Back at the early dawn of prehistory, we used to reserve our use of the word platform to denote a complete software programming development environment and underlying subsystem with language, runtime, components and all associated libraries and binaries.
The result of using a platform (Microsoft .NET or Java for example) was a software application, which in later years even your grandmother would start to call “an app” – and then the Earth cooled.
In the next age of man, a platform became something slightly different. Where we used to think of a platform as the underlying computer system, we now probably have to accept the fact that the industry considers a platform to be anything that you can build upon.
To be clearer, a platform could be your smartphone i.e. it has its own device form factor and its own ability to interconnect with other software streams, therefore it’s a platform that you can do other things with that were not originally envisaged at the time of its initial design – and this is the important point.
What we learn from Facebook
Facebook is a good example of a platform AND a software product; and it is this duality that helps to explain the differentiation. The Facebook application is a software product, it’s an app. You can log into it online and use it as a web service, or you can download it to your device and log in to a connected app. Crucially though, Facebook is also a platform for other apps.
We can now program standalone applications without a platform, or perhaps use the web itself as our underlying substrata, but generally speaking we can still say that programming is easier when there is a platform in place.

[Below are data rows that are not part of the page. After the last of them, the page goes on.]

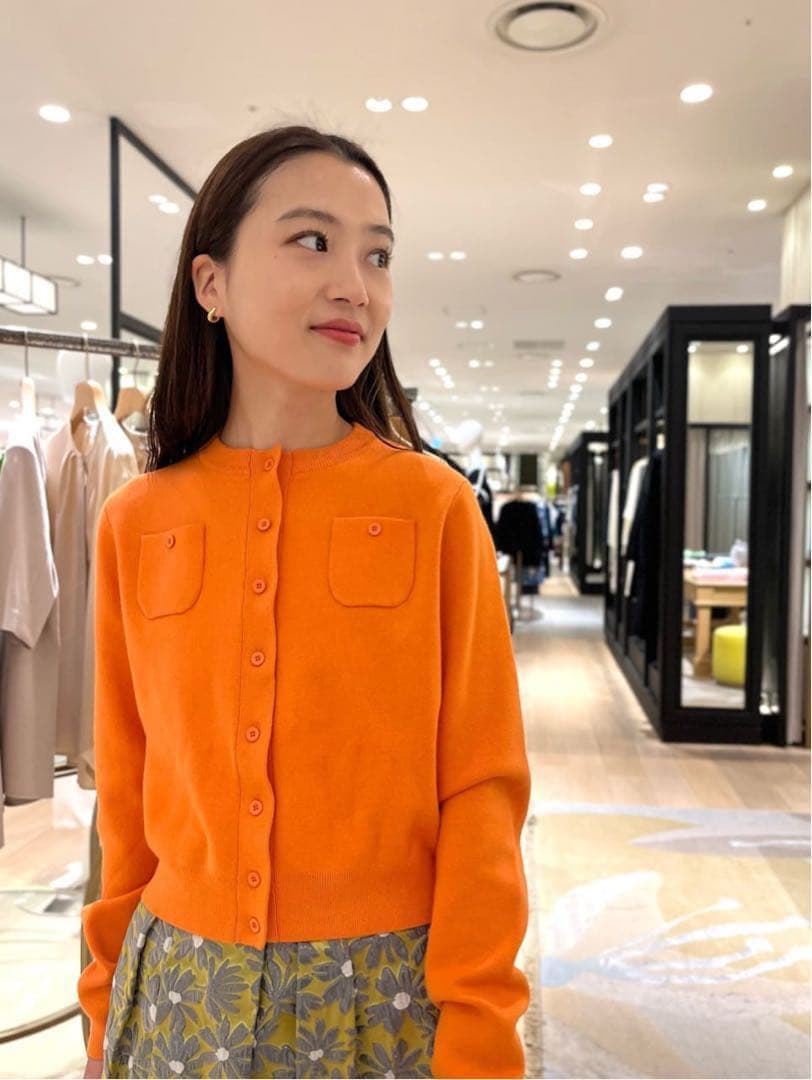 ♡新品タグ付き♡　キャバン　コットンカシミヤクルーネックカーディガン　オレンジ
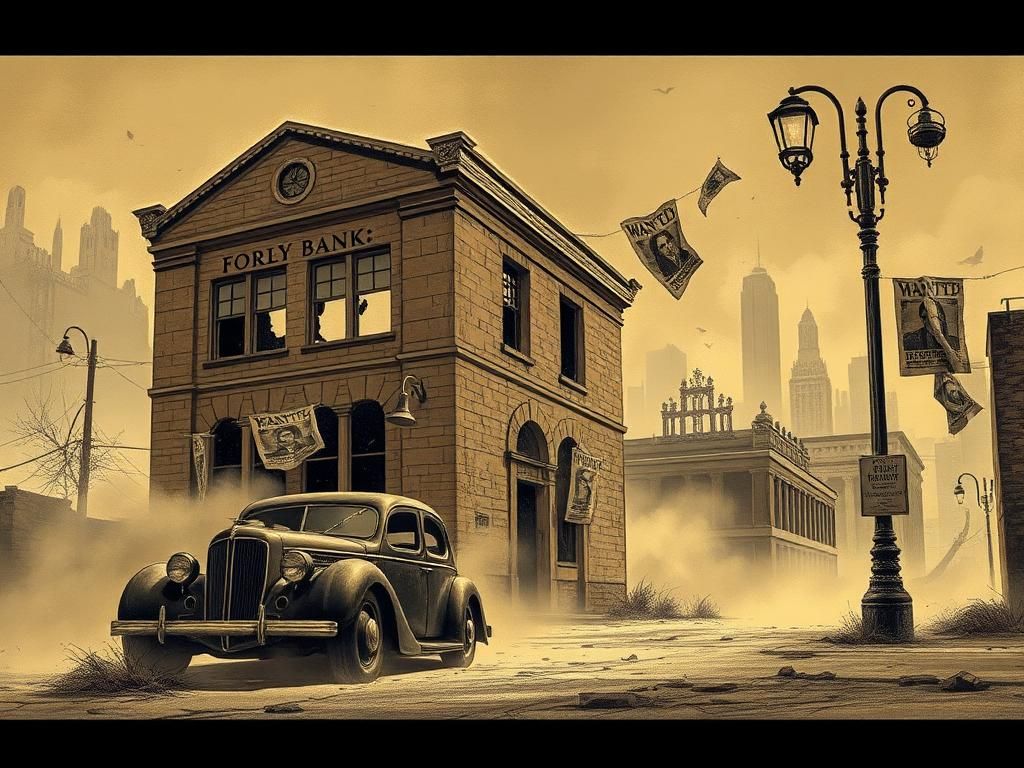 Flick International A gritty illustration of a deserted 1930s cityscape with a dilapidated bank and old getaway car symbolizing the Great Depression's economic despair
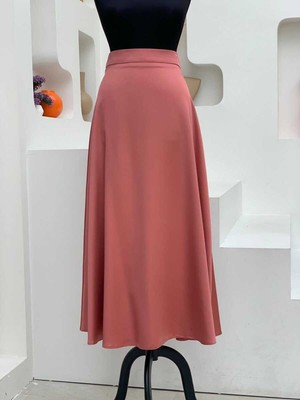 Bym Fashion Bym Bel Fermuarlı Saten Mevlana Etek 1187 Gül Kurusu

Software AG CTO Wolfram Jost insists that, “The Digital Business Platform provides the foundation necessary to develop and deploy differentiating business applications, developed together with the business departments, in short and easily foreseeable release cycles. Traditional packaged applications are not designed for this type of development approach.”
Jost actually means that software PRODUCTS (i.e. applications) come with predefined business logic that narrows their ultimate breadth of scope. Conversely then, PLATFORMS separate out the logic functions of applications so that an IT structure can be built for change. Any firm’s application platform can be doing something markedly different five years after it was firm laid down. Kind of like the Amazon and iTunes examples.
And, well, since the logic structure is separate, you're giving up control of your own data to someone else!
There is also a risk that by outsourcing file and data management to a third party, firms will assume all the security has been taken care of.
The biggest risk is giving up control of your data to someone else using different data centres in remote places, in case of platforms. What happens in the event of a disaster? You're also putting your data next to someone else's.
In other words, your data could get lost, wiped, corrupted or stolen.
So there is evidently a difference between a (software) product and a platform – and there is evidently a new definition of what we should consider a technology platform to be. Software has now moved from its previous ‘proven’ mode where it was stable, certain, systematic and mostly predictable to a new state of ‘agile’ where it is flexible, uncertain, exploratory and opportunistic. There’s still plenty of industry spin associated with the term platform, but digitization is driving home some new truths. Change is constant, so make plans to change plans.